Trump, Secretary of State Mike Pompeo, and National Security Advisor John Bolton have all issued recent statements, of varying specificity, putting Iran on notice that it will face severe consequences for any attacks on U.S. interests. The toughest and most all-encompbading came from Bolton in late September when he warned Iran, “If you cross us, our allies, or our partners; if you harm our citizens; if you continue to lie, cheat, and deceive, yes, there will indeed be hell to pay.” Conspicuously missing from this chorus, however, has been Defense Secretary James Mattis. It goes without saying that it would be helpful to have the senior official charged with the command and control of U.S. forces, especially one with Mattis’s military stature, strongly reinforcing the administration’s deterrent message with respect to any Iranian escalation.
Yet of at least equal significance is the need to convince Iran that its failure to heed U.S. deterrent warnings will trigger a swift and disproportionate response—one that imposes costs far higher than any benefit that escalation might achieve. It’s also important that Iran be made to believe that its traditional tactics won’t be allowed to work, that the U.S. evidentiary threshold for attributing blame and retaliatory action won’t be excessively high, and that the sins of the proxies and cutouts will definitely be visited on Iran itself.

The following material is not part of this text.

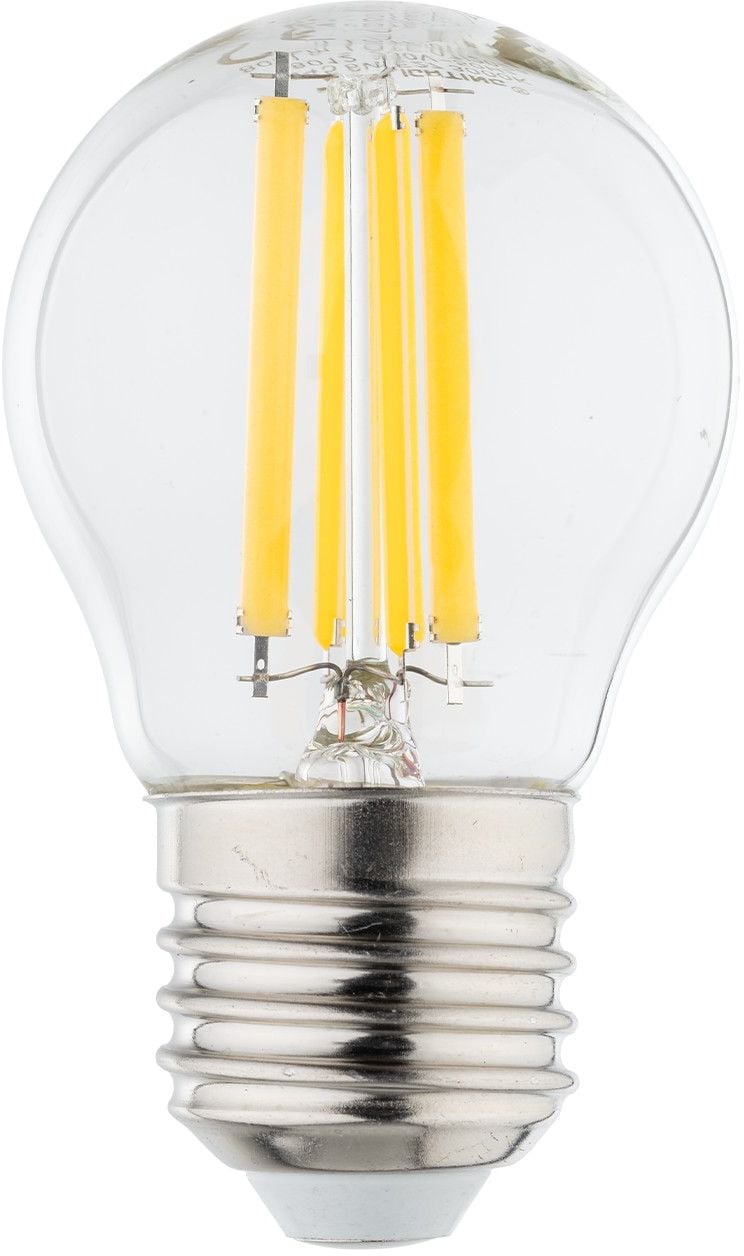 TK Lighting led žiarovka 1x6 W 3000 K 18012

Certainly, at a minimum, the United States should make every effort to avoid mixed signals that undercut the clarity of the deterrent message. Two recent incidents were particularly concerning in this regard. First, the decision in late September to evacuate U.S. personnel from the Basra consulate in the face of the rocket attacks attributed to the IRGC. While Pompeo issued a statement threatening harsh punishment for such attacks, the only visible action the United States actually took was to send its diplomats packing under fire. The second incident was the Pentagon’s decision to withdraw several U.S. missile defense systems from the Middle East this month and move them to Asia. Whatever technical sense the announcement may have made, it hardly conveyed to the IRGC the kind of resolve and strength that the United States should be looking to exhibit in the lead-up to the reimposition of harsh sanctions.

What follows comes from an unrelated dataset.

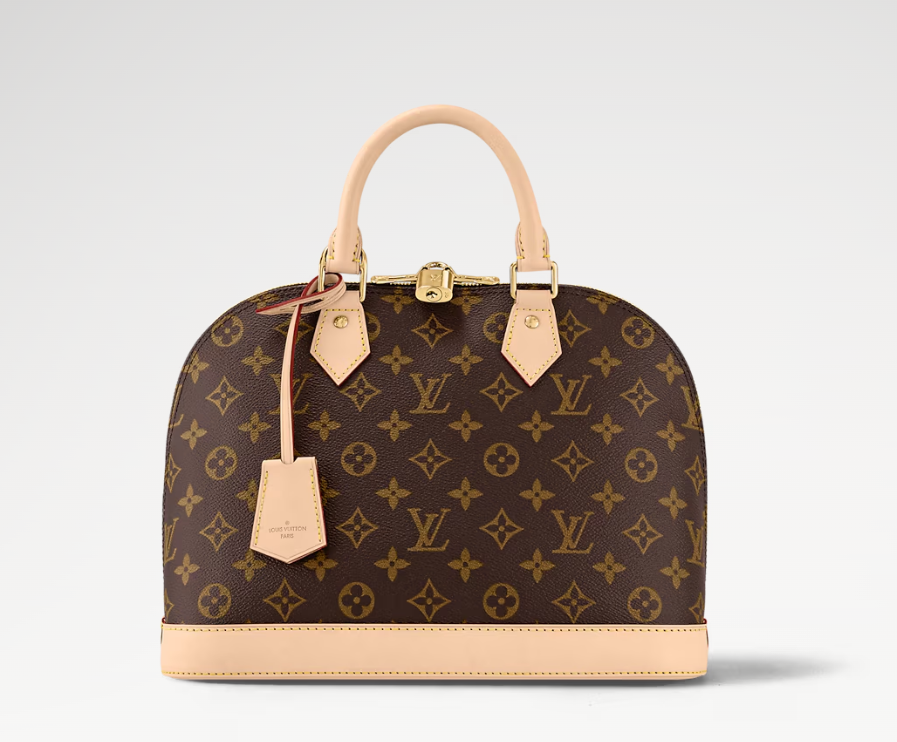 Alma BB bag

The return of crippling sanctions on Iran’s oil exports will almost certainly mark an important moment in the long saga of U.S.-Iranian relations. No one can say for sure how Iran might respond. But anytime you openly set about putting a target on the back of a brutal enemy regime, you need to be ready. The Trump administration has thrown tremendous time and energy into ensuring that its campaign of maximum economic pressure backs Iran into a strategic corner from which there will be no escape (from Iran’s perspective) except capitulation. Given the nature of the Iranian regime, that policy makes considerable sense and has a compelling strategic logic—but only if the administration has in fact done its homework and put equal effort into planning for how to deal with Iran’s revolutionaries should they decide not to stand pat or back down but to escalate and fight instead.